Aunque comprendo la dinámica laboral que les rodea en cada jornada —aclarando, desde luego, que comprender y aceptar son verbos completamente distintos— me cuesta mucho más asumir la parsimonia con que la burocracia intermedia de México lidia con sus contradicciones vitales: de un lado han de guardar la más absoluta neutralidad personal sobre sus obligaciones profesionales y, de otro, han de convertirse en políticos sagaces para sobrevivir y escalar en sus puestos, pues casi toda su carrera depende de las relaciones individuales.

En nuestro país, las posibilidades de ascender en la administración pública por méritos propios y bien ganados con independencia de los grupos políticos que gobiernan, son prácticamente nulas. De ahí que la burocracia intermedia dedique una buena parte de su tiempo a “la grilla”; es decir, a obtener y utilizar información sobre las relaciones políticas de los jefes, a combatir la competencia cotidiana con los colegas que buscan ganar la confianza del poderoso de turno, a conseguir la atención y el interés de sus superiores y a protegerse de ataques, críticas o errores formales que los aparten de las simpatías de los mandos, entre un largo etcétera que se sintetiza en dos puntos: ganar confianza de arriba y no dejarse pisar desde abajo.

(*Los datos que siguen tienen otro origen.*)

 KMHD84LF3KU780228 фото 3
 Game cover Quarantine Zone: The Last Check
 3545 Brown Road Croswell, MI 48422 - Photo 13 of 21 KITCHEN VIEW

Los golpes de audacia no valen sino en función de los intereses y las señales que emite la alta burocracia. Si las oficinas principales envían un mensaje de innovación, los servidores públicos de la capa intermedia se pondrán a imaginar la mejor propuesta para hacerse notar y, muy probablemente, ocuparán otra porción de su tiempo en descalificar las demás; si el mensaje es de sumisión y obediencia, se mostrarán gustosos de pasar mucho más tiempo en las oficinas y en mostrarse dispuestos a seguir instrucciones; y si no baja ninguna señal, los burócratas se envolverán en rutinas y procedimientos formales para protegerse de cualquier suspicacia.

En esa dinámica, el compromiso con la función social que justifica su empleo tiende a diluirse en la salvaguarda de los procedimientos, los papeles, las firmas y los protocolos formales. Nadie se mueve más rápido ni actúa con mejor espíritu que el de la rutina fijada, entre otras razones, porque un error de procedimiento puede volverse en su contra con mucha más facilidad que el incumplimiento de sus objetivos: para conservar el empleo, más vale un papel oficial que justifique la tarea realizada, que cualquier resultado obtenido —excepto aquellos que hayan sido ordenados directa y personalmente por el titular de la dependencia—.

De aquí que tengamos una mala percepción de la burocracia y que con frecuencia los veamos como gente sin alma, que prefiere sellar papeles y seguir trámites que resolver los problemas públicos. Pero la razón que explica esa conducta —que en efecto se reproduce todos los días— es que las personas que integran ese aparato están volcadas hacia el interior de sus oficinas y dedicadas a la conservación de su empleo. No tienen garantías de estabilidad ni de ascenso ganados a pulso, no hay retribución por los resultados que ofrecen, no tienen la promesa de una carrera digna consolidada a lo largo del tiempo y afianzada en sus méritos y nadie les garantiza que, al cambiar los mandos de arriba, alguien les reconocerá el trabajo sinceramente comprometido con el país.

Nada de esa sociología ayuda a la eficacia de los gobiernos. Y sin embargo, buena parte de los mandos de la administración pública sigue creyendo lo opuesto y sigue cometiendo los mismos errores. Salvo contadísimas excepciones, la gran mayoría sigue engañándose con la idea de que la obediencia y la cercanía valen más que las trayectorias profesionales acreditadas. Con ese error nos hemos tropezado doscientos años, pero la piedra está intacta.